What you have to do: Give exactly the lines from the one that contains "Fresh cherry juice . On" through the end of the entries below, both included; the pictures stay out.

Dataset entries:
::::::
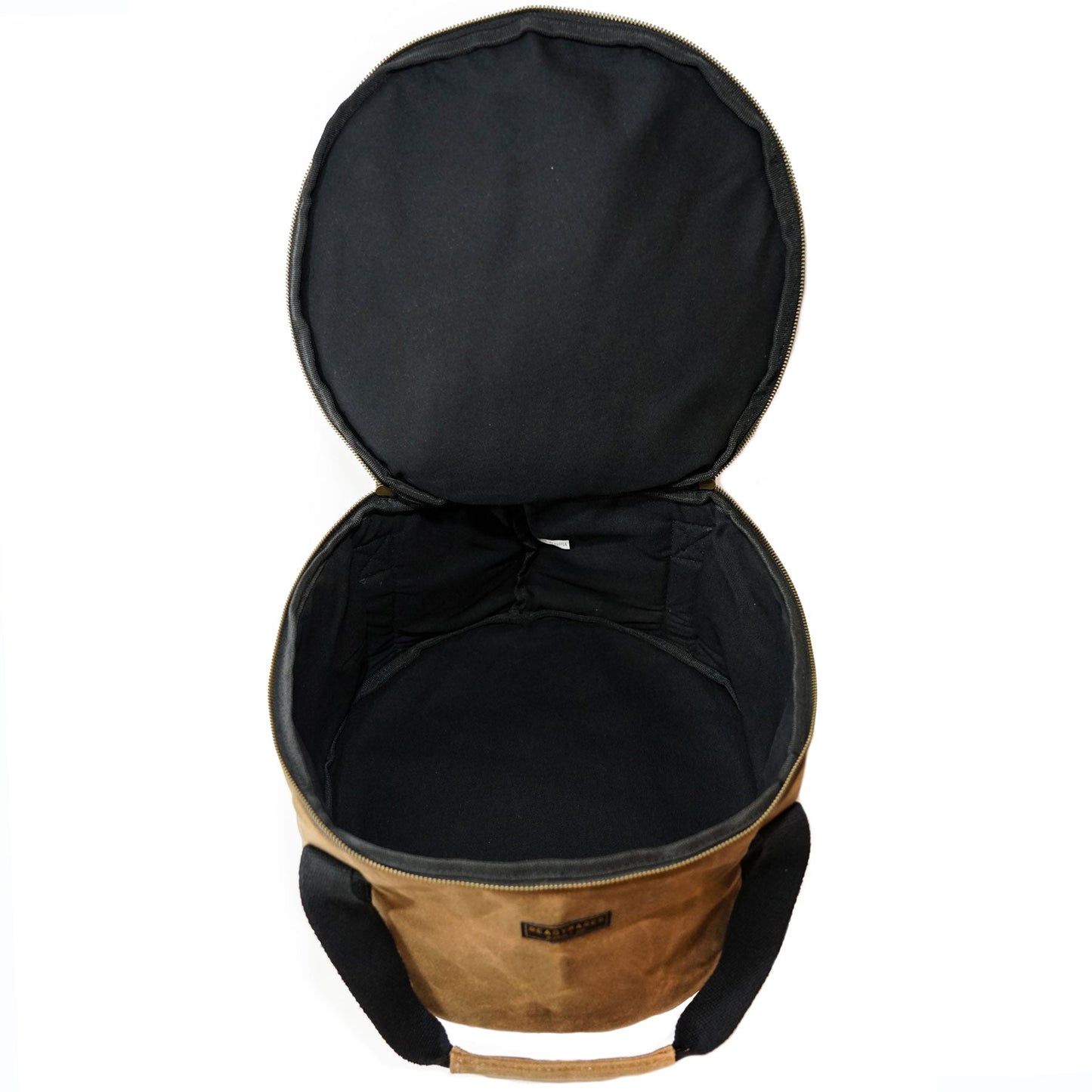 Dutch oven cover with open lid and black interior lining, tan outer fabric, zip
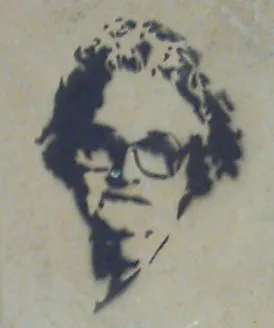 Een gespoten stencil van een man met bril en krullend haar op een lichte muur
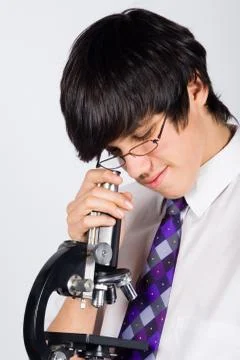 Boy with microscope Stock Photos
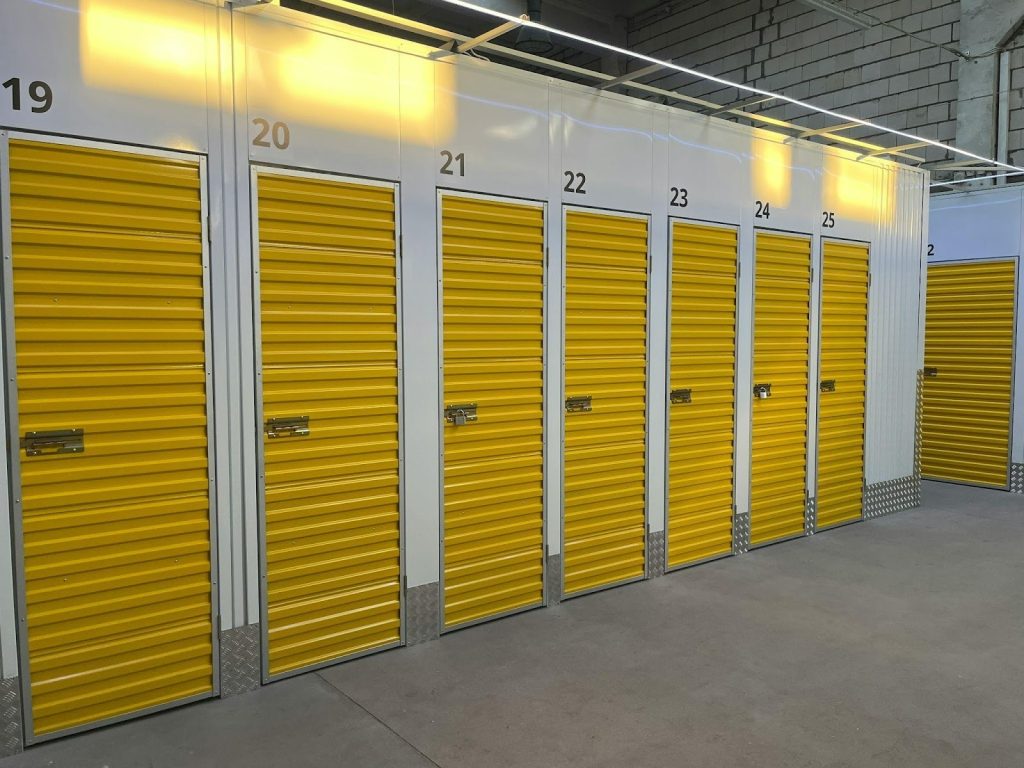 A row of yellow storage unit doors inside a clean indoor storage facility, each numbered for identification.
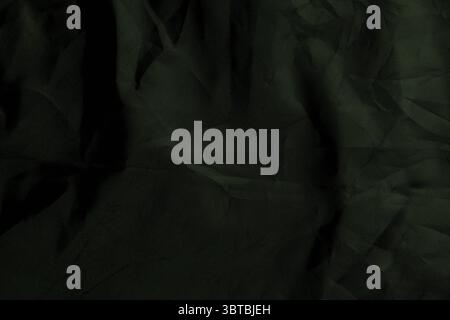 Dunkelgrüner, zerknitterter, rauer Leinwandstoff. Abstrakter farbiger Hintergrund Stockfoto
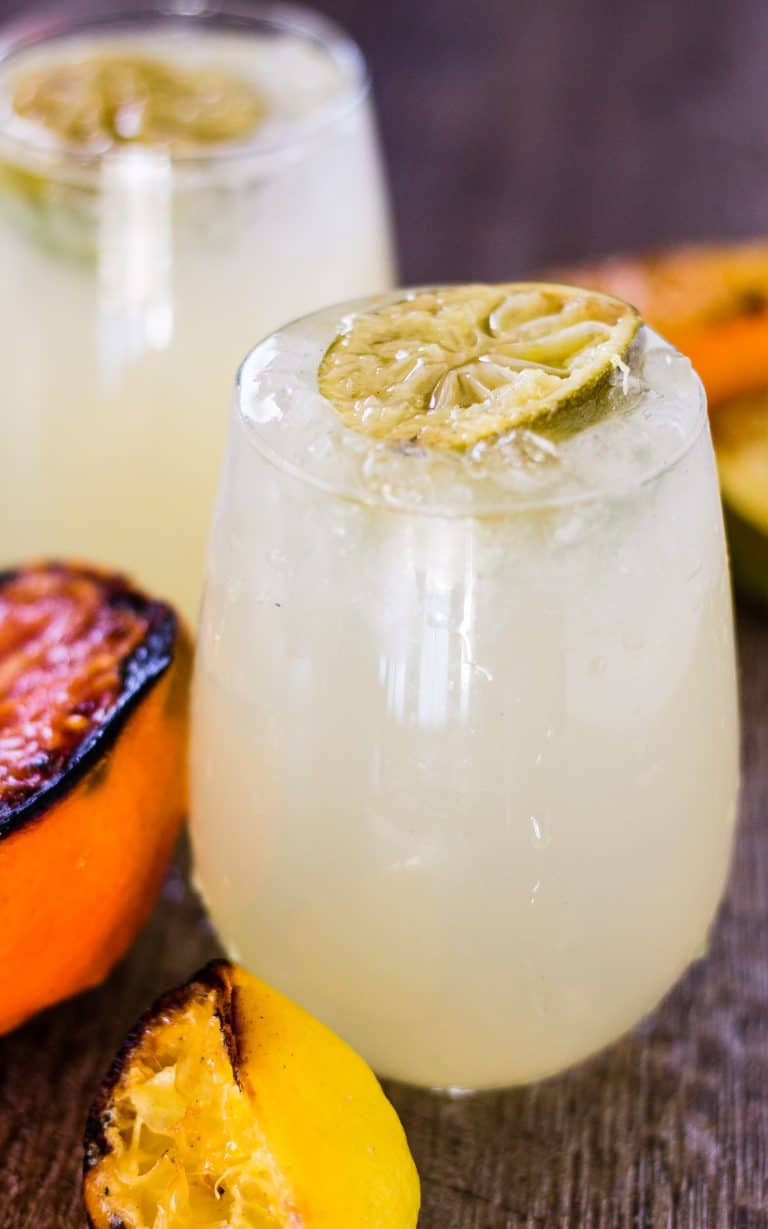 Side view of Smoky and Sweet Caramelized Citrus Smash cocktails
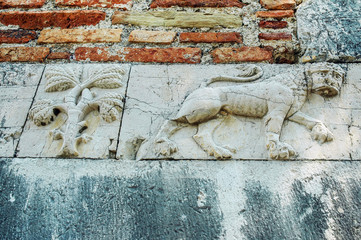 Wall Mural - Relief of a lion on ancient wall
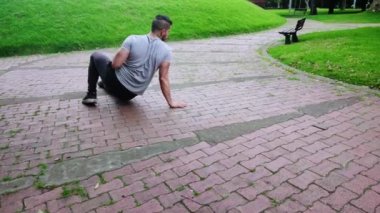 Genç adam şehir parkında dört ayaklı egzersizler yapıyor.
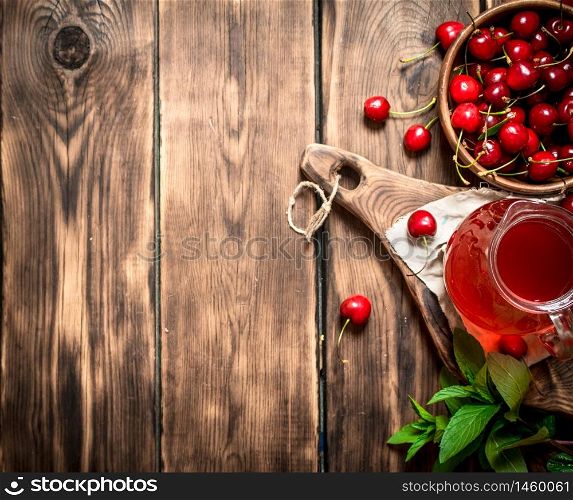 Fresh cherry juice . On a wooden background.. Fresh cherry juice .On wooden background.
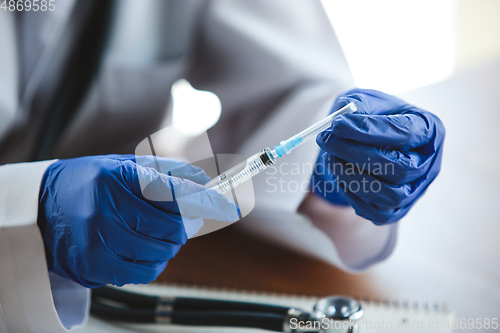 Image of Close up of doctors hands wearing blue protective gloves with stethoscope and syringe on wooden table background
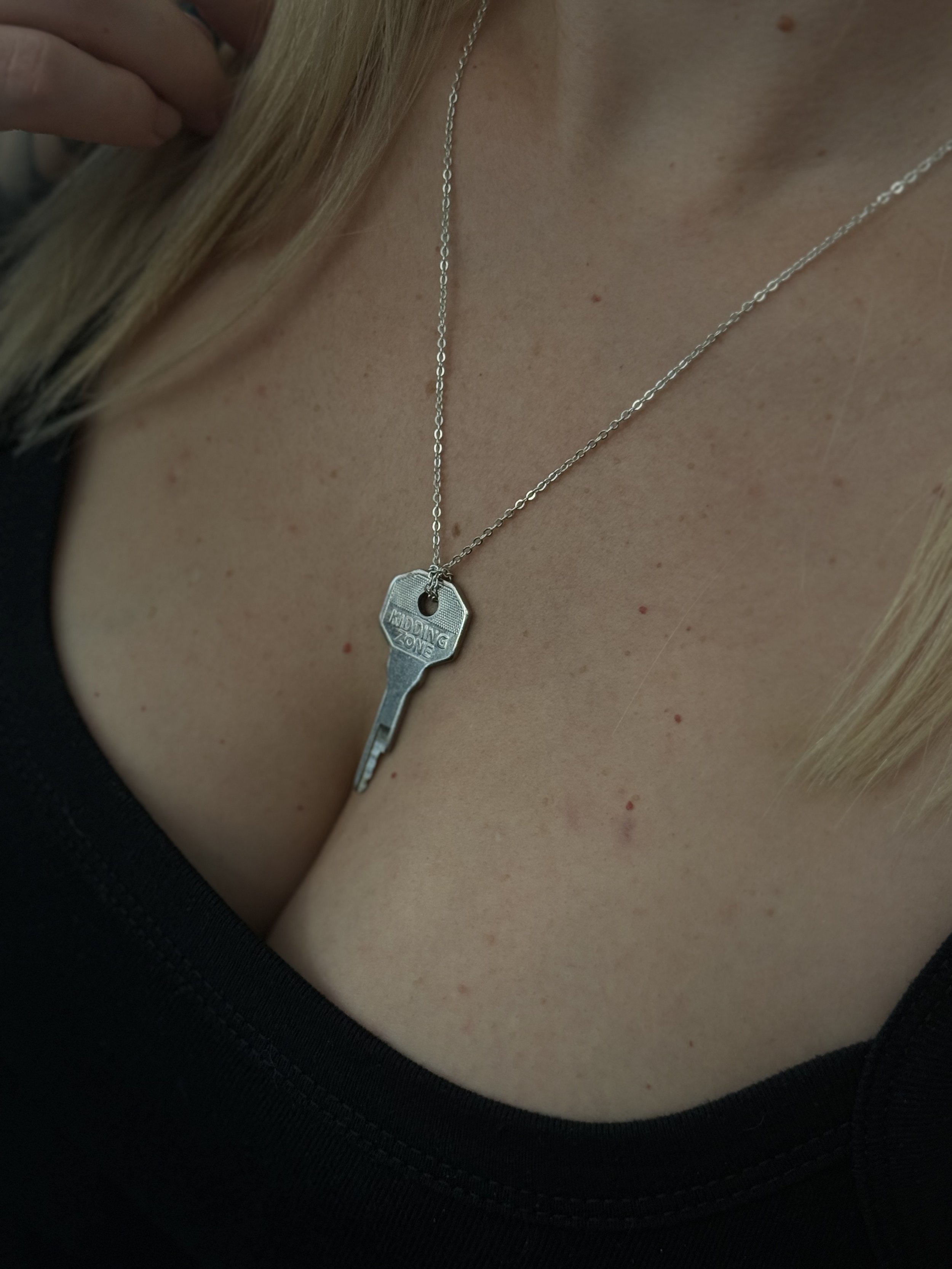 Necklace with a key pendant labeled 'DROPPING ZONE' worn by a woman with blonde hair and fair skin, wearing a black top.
::::::
Written response:
 Fresh cherry juice . On a wooden background.. Fresh cherry juice .On wooden background.
 Image of Close up of doctors hands wearing blue protective gloves with stethoscope and syringe on wooden table background
 Necklace with a key pendant labeled 'DROPPING ZONE' worn by a woman with blonde hair and fair skin, wearing a black top.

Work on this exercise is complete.